For the third part, put all of the addresses from the second input into a table. (Users of your method presumably know to make the second input the smaller one.) Then use this to decide if each address in the first input should be printed or not. You can completely ignore the names. Be a little clever to efficiently avoid printing out any address more than once. Note: since all we need are keys, you might be tempted to put null values in Java's Hashtable. This appears to cause errors. Just use a dummy Object instead. Use one dummy Object over and over again; do not waste the time and space to make a new dummy Object for each table entry.

For maintaining a list of names, feel free to use Java's Vector class. A Vector holds Objects, so you have to cast anything you take out of a Vector. The Hashtables are the same way, and your Heaps will be similar, so you will be doing quite a bit of casting.

In the first two parts, you will need Heaps. The trouble is that some Heaps need to hold objects that have addresses and names, while others need to hold objects that have addresses and counts. In order to avoid cut-and-paste, you should write a Heap that works for any class that implements the Heapable interface. We have written this interface for you. An interface is like an abstract class (everything listed in an interface is abstract), but classes may implement multiple interfaces. If you're unfamiliar with interfaces, you can just think of the Heapable interface as an abstract class; the differences aren't relevant to this assignment. Just say implements Heapable instead of extends Heapable in other class definitions. Then your Heap should manipulate Heapable objects. For example, deleteMin() should return a Heapable object. Of course, code using the Heap will need to cast this to a particular kind of Heapable object so it can use the actual data in the object.

Do not bother providing a buildHeap method in your Heap class; this is not an efficiency bottleneck for this assignment. You should, however, provide methods getMinKey() and replaceMin() for efficiency reasons.

Input and Output

The input files are in a very simple format. There is one name or address per line. It alternates name, address, name, address, etc. The name corresponds to the address on the following line. The provided code has a method that takes a file name and returns a BufferedReader object. This object has a readLine() method which returns a String which is the next line of the file. It returns null after the end-of-file has been reached.

For output in your methods, all you have to do is call the println(String s) method of the Printwriter object passed to the methods.

The methods described above could throw an IOException. Hence the methods you are writing also declare that they may throw such an exception. You should not catch such exceptions.
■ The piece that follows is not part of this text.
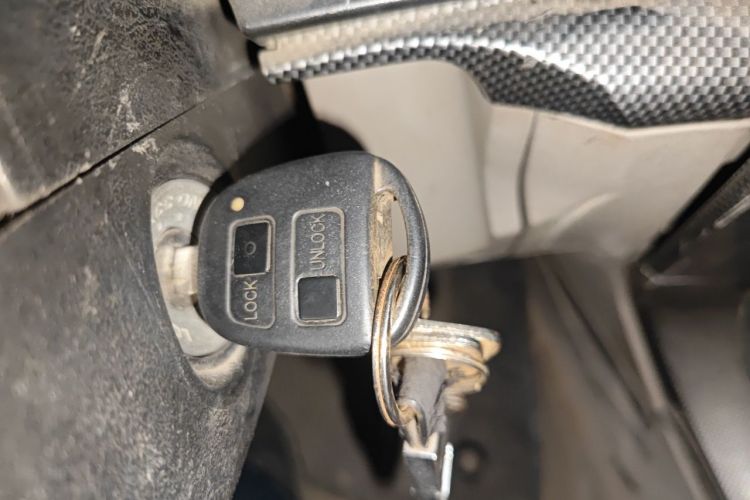 Used Foton Sapporo 2015 2.8T Standard Edition 5170 mm Long Vehicle Key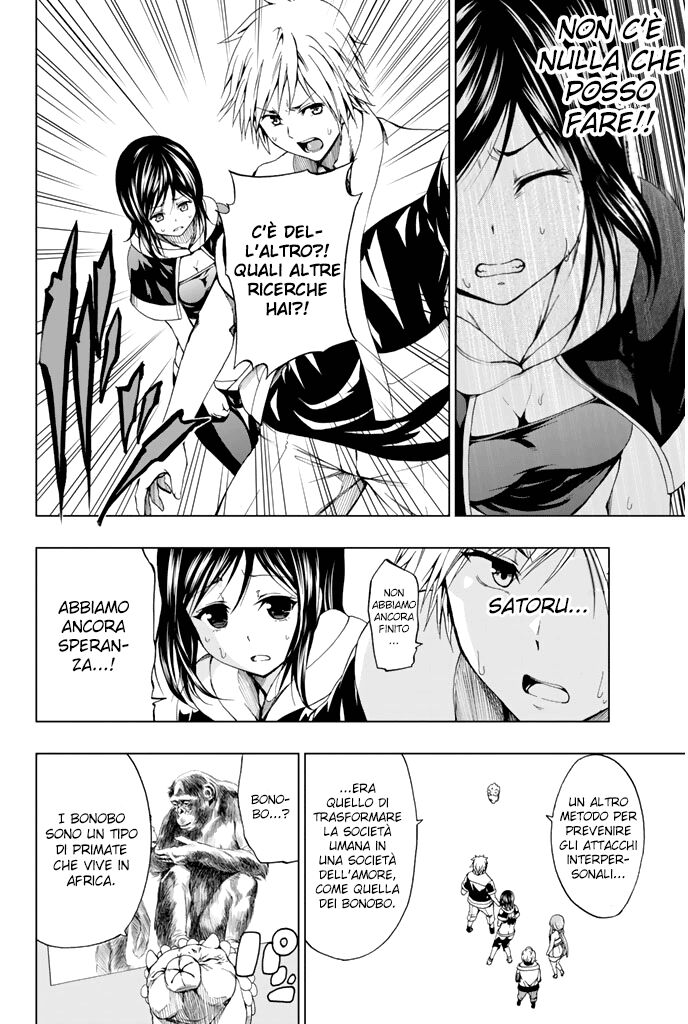 Shin Sekai yori Capitolo 11 page 19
If you are using a version of Java that doesn't have BufferedReader, it should be simple enough to write your own readLine() method for an input object.
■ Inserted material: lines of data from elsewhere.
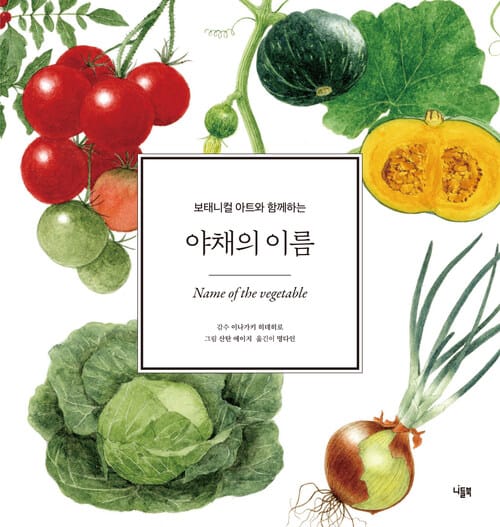 야채의 이름 - 보태니컬 아트와 함께하는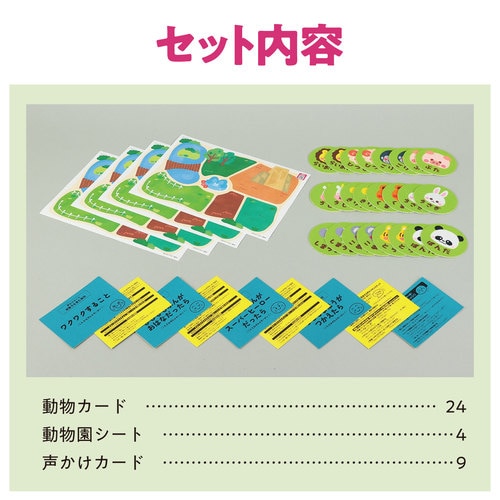 ボーク重子先生監修自分だけの動物園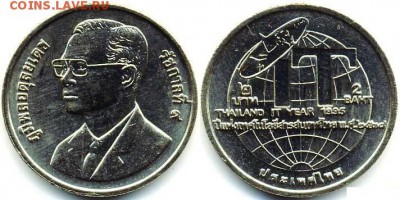 Монеты на IT-тематику - 2-baht-1995.JPG
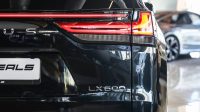 Lexus LX 600 F-Sport | 2023 – GCC – Warranty Available | 3.5L V6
Don't forget that your methods should work for any files in the format described above. Only the main method should explicitly mention the files being used.
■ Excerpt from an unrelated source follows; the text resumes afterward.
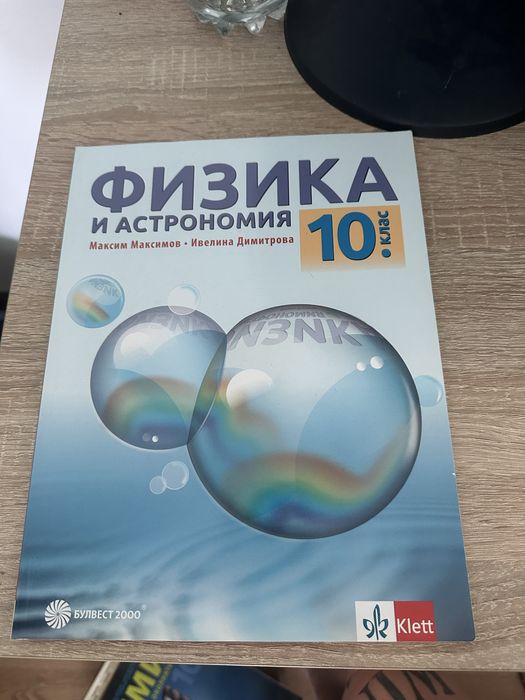 Учебници за 10 клас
We assume that two addresses are equal if and only if they are identical Strings. Hence the following are all different addresses as far as we're concerned:

123 SESAME STREET APT. #2
123 SESAME STREET APT. #1
123 SESAME STREET APT. No. 1

Code We're Providing You

Extra Credit

Change the Heapable interface so that getKey() returns an Object. You should also add to the interface a method

boolean lessThan(Object
otherKey)

. Modify your Heap to work with this new definition of Heapable. You will also have to modify your implementations of Heapable and uses of Heaps, especially because an int is not an Object. (So you will have to use the Integer wrapper class as you would with, for example, Hashtables.) The advantage of doing this is that your Heap will work for data objects that have keys that are not ints.

Food For Thought

The main method provided to you gives very rough timing information for the first two parts of the assignment. Do the results surprise you? How do you explain them?
Your Heap seems to be a min-heap (meaning it has deleteMin instead of deleteMax). But how could you use it as a a max-heap without changing it at all?
Were you surprised by the second most-common address among Cornell students? Do you know why it is what it is?